Now how do we select the subset 3 members to show the user? The straight forward way is to go with top 3 responses from the model before, but the messages may be highly likely redundant, So to ensure diversity, we make sure that the 3 responses do not share an intent as in they do not come from the same clusters, as discussed above.
10% of all responses are now crafted from the responses that the Smart Reply feature provides. Making emailing a little easier for users like me and you around the globe.
People Behind The Work
(There were over eleven authors to the paper, writing on the first three)
She did her bachelors from Harward in Computer Science and now works as a Software Engineer with Google.
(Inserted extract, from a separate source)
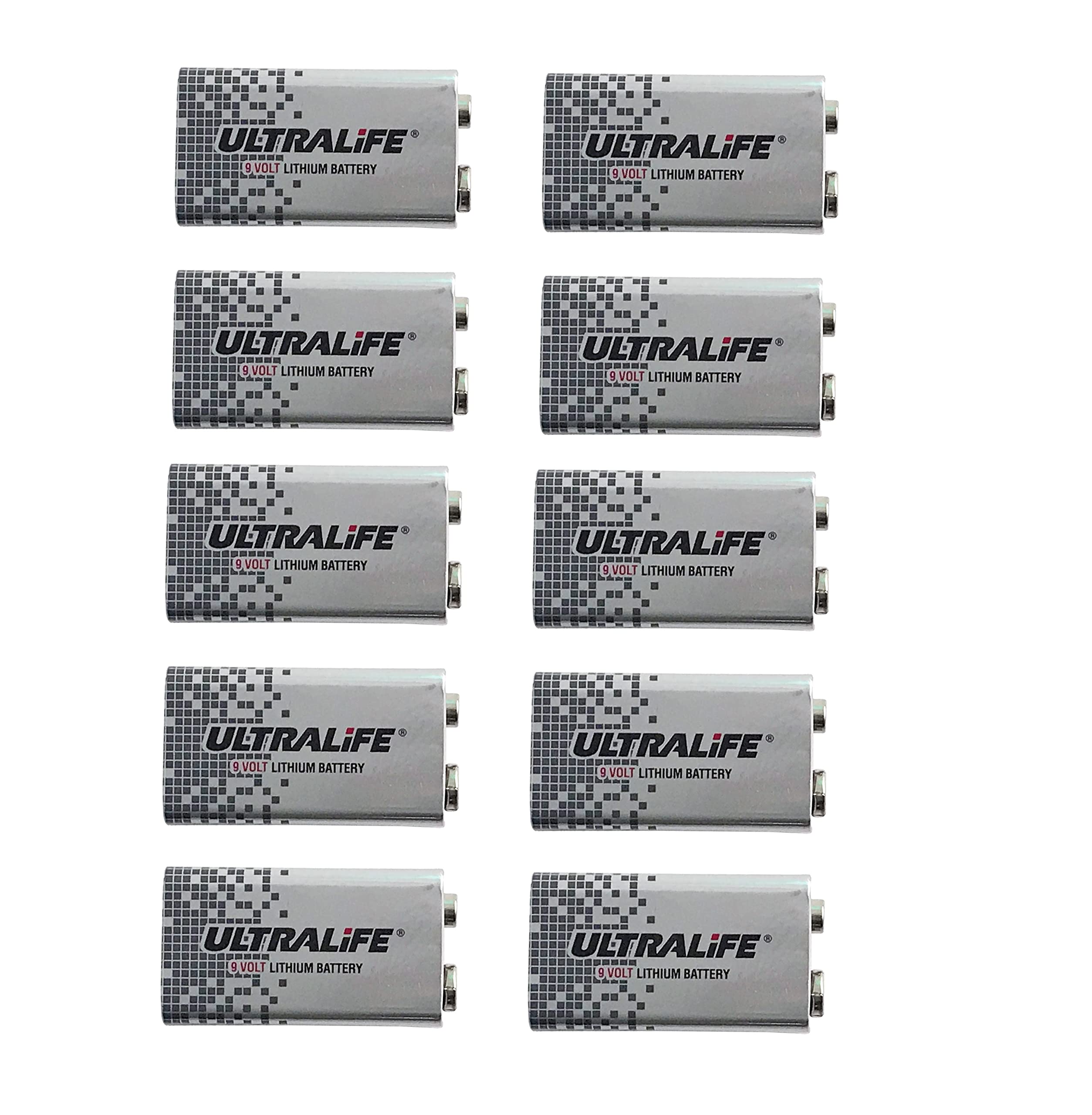 U9VL-JP für Drager Atemschutzmaske Estim FES Batterie 9V Lithium Batterie Ultralife 10 Stück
Karol completed his Phd from University of Warsaw before which he had interned with companies like NVIDIA, Facebook and Google. He joined Google to the Gmail Comprehension/Intelligence team in
2012 and was Google Brain (ML Researcher / Research Lead) until he recently quit to join as CTO to Cosmose Inc
Sujath completed his PhD in Computer Science from University Of Southern California. Prior to that he had worked as a Research Intern to Google and Yahoo, and finally joined Google as a Senior Staff Research Scientist, Senior Manager and technical Lead. He left Google in 2019 and is now the DIrector to Amazon Alexa.